Monday 18 August 2014

the unvarnished truth

I see in the Daily Telegraph that Laura Ingalls Wilder's autobiography is to be published this autumn.  It will be the unvarnished version as originally written, which failed to find a publisher until reworked into the series of children's books many of us know and love.  And then the TV series, though I quibble with the Telegraph's headline use of the phrase 'much loved' if intended to cover the telly version as well as the books.  I loved the books.  The TV series Little House on the Prairie was an abomination.

Apparently life in the mid-West as a pioneer in the 1870s was not so squeaky clean as the books made out.  That's not really a surprise.  After all, they were written for children, and I don't know if even now Jacqueline Wilson would include a drunk setting his bedroom on fire and dragging his wife around by her hair.  Perhaps she would.  I know my mother finds my niece's enthusiasm for Jacqueline Wilson over Geoffrey Trease rather depressing.

The thing I particularly liked about the children's books was not Laura's feud with Nellie Olsen, so much as the detailed descriptions of how you did stuff.  After reading Little House in the Big Woods I felt I too could have moulded and trimmed my own rifle bullets, or tapped a sugar maple.  By the time the family were half way to Dakota I'd cracked building a log cabin, and the dangers of fire damp when digging a well.  More than forty years later I have yet to put any of these purely theoretical skills to the test, but I still like the idea that I know how to tap a maple tree or how to retrieve a horse and sled that have fallen through thick snow lying on prairie grass.  Nobody ever dared me to lick a pump handle while I was growing up, but I'd have known not to do it during a winter freeze if they had.
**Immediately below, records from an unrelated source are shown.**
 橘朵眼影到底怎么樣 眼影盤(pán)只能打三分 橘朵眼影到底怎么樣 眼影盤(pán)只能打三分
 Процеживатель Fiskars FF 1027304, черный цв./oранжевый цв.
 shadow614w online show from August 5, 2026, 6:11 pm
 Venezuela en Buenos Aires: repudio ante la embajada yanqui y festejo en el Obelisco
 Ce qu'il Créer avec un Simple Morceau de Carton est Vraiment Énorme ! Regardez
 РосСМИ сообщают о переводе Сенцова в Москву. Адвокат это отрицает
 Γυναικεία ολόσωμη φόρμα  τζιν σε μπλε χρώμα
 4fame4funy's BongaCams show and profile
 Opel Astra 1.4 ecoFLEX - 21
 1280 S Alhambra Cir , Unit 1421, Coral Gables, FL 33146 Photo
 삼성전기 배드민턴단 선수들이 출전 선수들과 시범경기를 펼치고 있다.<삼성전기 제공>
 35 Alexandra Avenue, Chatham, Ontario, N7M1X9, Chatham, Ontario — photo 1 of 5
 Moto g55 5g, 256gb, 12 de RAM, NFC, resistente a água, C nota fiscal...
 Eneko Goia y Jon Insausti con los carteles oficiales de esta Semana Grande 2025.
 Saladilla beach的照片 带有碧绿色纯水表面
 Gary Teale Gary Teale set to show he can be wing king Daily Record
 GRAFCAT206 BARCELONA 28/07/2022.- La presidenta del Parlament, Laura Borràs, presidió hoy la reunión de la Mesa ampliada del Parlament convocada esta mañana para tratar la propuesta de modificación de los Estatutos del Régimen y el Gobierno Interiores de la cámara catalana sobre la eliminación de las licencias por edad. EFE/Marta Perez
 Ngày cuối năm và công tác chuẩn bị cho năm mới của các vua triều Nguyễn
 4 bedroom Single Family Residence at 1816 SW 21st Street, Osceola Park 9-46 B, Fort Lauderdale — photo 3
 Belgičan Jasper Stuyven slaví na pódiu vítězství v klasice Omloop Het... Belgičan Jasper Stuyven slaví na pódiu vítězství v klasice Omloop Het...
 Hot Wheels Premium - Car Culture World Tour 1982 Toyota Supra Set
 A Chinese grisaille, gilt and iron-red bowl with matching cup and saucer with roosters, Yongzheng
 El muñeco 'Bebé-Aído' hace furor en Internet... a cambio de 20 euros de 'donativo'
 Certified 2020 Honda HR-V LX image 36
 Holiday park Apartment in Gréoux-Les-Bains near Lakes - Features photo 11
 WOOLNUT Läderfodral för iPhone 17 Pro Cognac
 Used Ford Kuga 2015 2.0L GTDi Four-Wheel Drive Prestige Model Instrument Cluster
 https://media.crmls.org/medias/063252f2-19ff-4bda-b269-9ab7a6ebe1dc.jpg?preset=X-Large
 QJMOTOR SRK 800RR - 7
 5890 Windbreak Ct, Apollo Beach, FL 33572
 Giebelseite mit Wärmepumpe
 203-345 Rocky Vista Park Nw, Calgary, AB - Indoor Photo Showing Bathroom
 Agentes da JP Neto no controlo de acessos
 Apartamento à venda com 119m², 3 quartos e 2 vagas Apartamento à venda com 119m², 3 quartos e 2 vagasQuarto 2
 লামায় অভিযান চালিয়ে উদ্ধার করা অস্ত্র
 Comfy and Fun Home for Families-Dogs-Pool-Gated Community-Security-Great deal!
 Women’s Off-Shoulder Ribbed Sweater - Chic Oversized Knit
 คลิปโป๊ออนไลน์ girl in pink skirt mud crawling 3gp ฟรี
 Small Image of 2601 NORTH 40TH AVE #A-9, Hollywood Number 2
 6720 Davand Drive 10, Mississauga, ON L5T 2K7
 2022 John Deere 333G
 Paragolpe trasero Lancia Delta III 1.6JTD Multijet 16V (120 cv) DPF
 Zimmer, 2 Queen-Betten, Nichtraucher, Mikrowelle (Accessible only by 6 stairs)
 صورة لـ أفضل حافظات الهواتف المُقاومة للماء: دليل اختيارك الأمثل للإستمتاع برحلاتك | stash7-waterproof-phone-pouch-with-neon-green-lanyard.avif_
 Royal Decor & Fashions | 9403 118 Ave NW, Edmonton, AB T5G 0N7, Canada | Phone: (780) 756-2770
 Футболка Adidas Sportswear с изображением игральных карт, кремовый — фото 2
I guess I will read A Pioneer Girl.  I am curious to hear the grown-up version of life as a farming family travelling West as the West was opening up, and fond enough of the Ingalls clan to risk hearing something closer to the truth.  It can be a sad disappointment, though, reading about the private lives of writers whose books you have loved.  So many of them are not very nice, authors of beautiful and lyrical books turning out to be selfish and manipulative characters you wouldn't want as a friend in the real world.  The review of A Pioneer Girl says that Pa was not always the scrupulous character he is made out to be in the children's version of the books.  Suppose Laura Ingalls Wilder turns out to be a right cow?